I am currently trying to connect my oldschool G3 (running os10.2), to my laptop (Ms XP), using  a crossover cable.  I have a wifi card connecting the internet to my lappy, and for the love of god I can't get the mac to connect to it.  I can't even ping the sob.

Here is what I have done:

1.  Did a google search all up and down that area

2.  Tried their way of setting it up... using a Client for MS networks, and File/Printer sharing enabled on the NiC, as well as sharing the wireless connection.

3.  Then, I manually set the IP of my lappy to 192.168.0.1, and the Mac to 192.168.0.2, no DNS, or WinS, as per the directions. Subnet set to 255.255.255.0.   The ip on the evil mac is 192.168.0.2, manually assigned, same subnet, Gateway set to 192.168.0.1 (lappy's ip)

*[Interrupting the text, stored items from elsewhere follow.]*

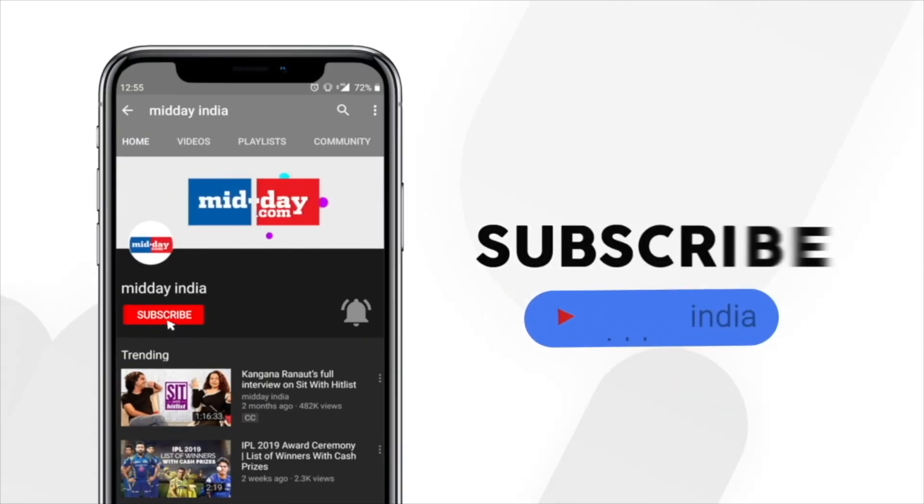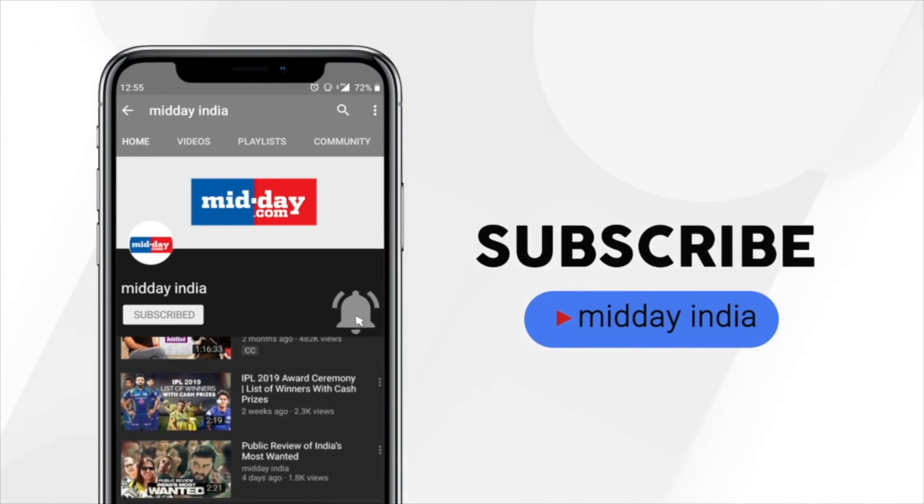That wraps up our face yoga asanas. Hope you liked it. Thank you. Subscribe to Midday India and get direct notifications on all our videos by clicking on the bell icon.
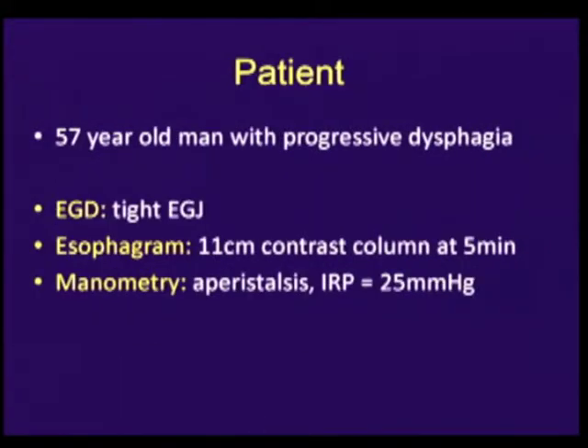This video shows a POEM procedure in a 57-year-old man who presented with three years of progressive dysphagia and regurgitation. Manometry showed aperistalsis and a failure of EGJ relaxation, and esophagram and EGD were consistent with achalasia as well.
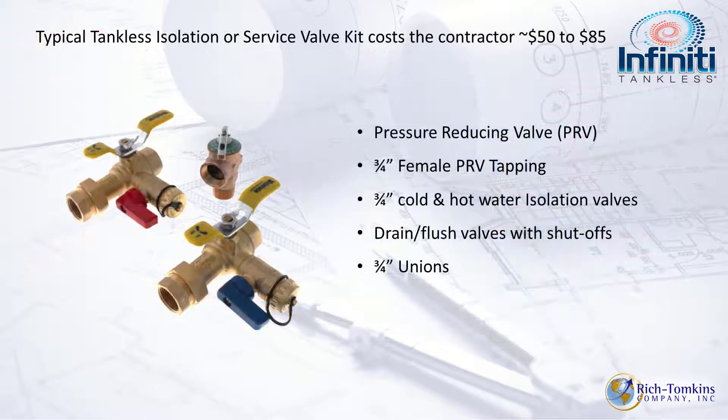Saving money is easy with this unit because you don't need extra piping for a purge and isolation station. When it's time to descale the unit, the isolation valves and everything you need are already built in, and it even comes with a pressure relief valve.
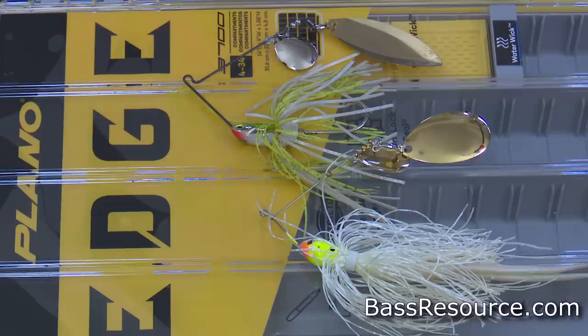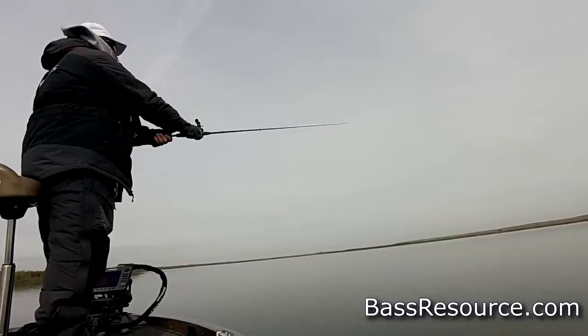Another great bait to use during the springtime is a spinnerbait. I like to use it throughout the spring starting when the water temperature gets in the upper 40s. I'll start with a three-quarter ounce spinnerbait, throwing it in deeper water — those same points, ledges, and humps — in 15 to 30 feet of water, slow rolling it very slowly and crisscrossing those areas. A lot of times I'll graph over the tops of those areas first to see if there's any cover like chunk rock or boulders, maybe some irregularities in the point, and I'll bring the spinnerbait right across those areas. You won't always see the bass on your graph, but they'll be hiding so tight to that cover it'll just appear as part of it.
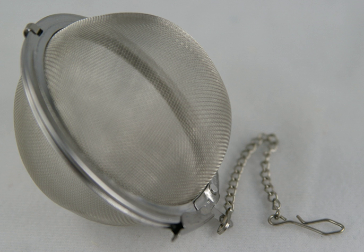Tea infusers enable one to easily steep tea from fannings and broken leaf teas. Some infusers are removed along with the tea leaves from the pot, while so-called shut-off infusers are left in the pot after the brewing process is complete.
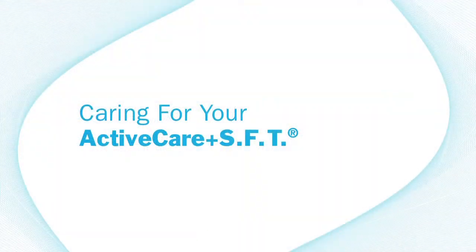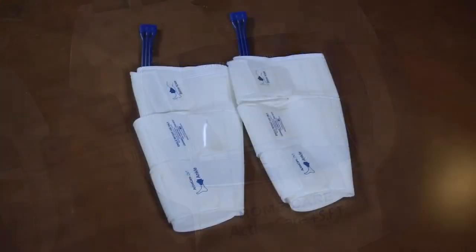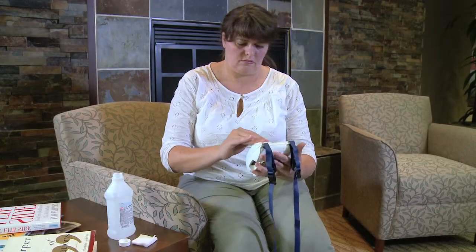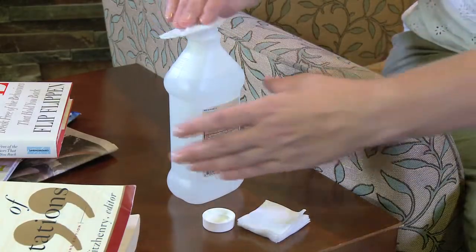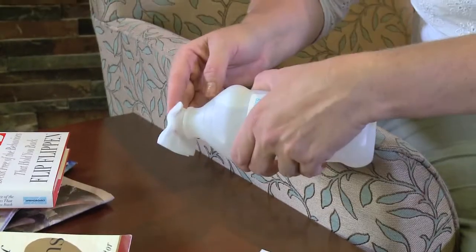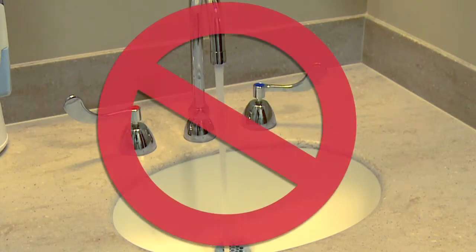Caring for your Active Care Plus SFT: the system is easy to care for. All components have been cleaned beforehand, so there's no need for additional cleaning. The disposable sleeves are for your personal use only — they should not be machine washed; just wipe down with a damp cloth. If you must clean any other part of the system, use a cotton swab pad dampened with a 70% alcohol-based solution. Do not wet the pump or bring it into contact with water.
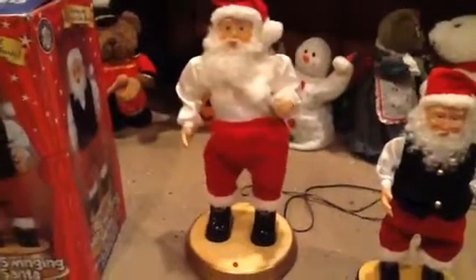Here comes Santa Claus, here comes Santa Claus, right down Santa Claus Lane. Mixin' and glitzin' and all his reindeer pullin' on the rain. Bells are ringing, children singing, all is merry and bright. Hang your stockings, say your prayers, 'cause Santa Claus comes tonight.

4. I cannot ping the mac, and the mac cannot connect to pc at all.  I tried different IP's for my lappy, and changing the mac around, since I wasn't sure if one of the other comptuers I have was using the wi-fi @ 192.168.0.2, but nothing was there when I pinged it. Go fish.

Does anyone have any clues on this matter??  I've dumped wayyy too much time into this box... I just don't have the $100 to waste on an airport card for that computer.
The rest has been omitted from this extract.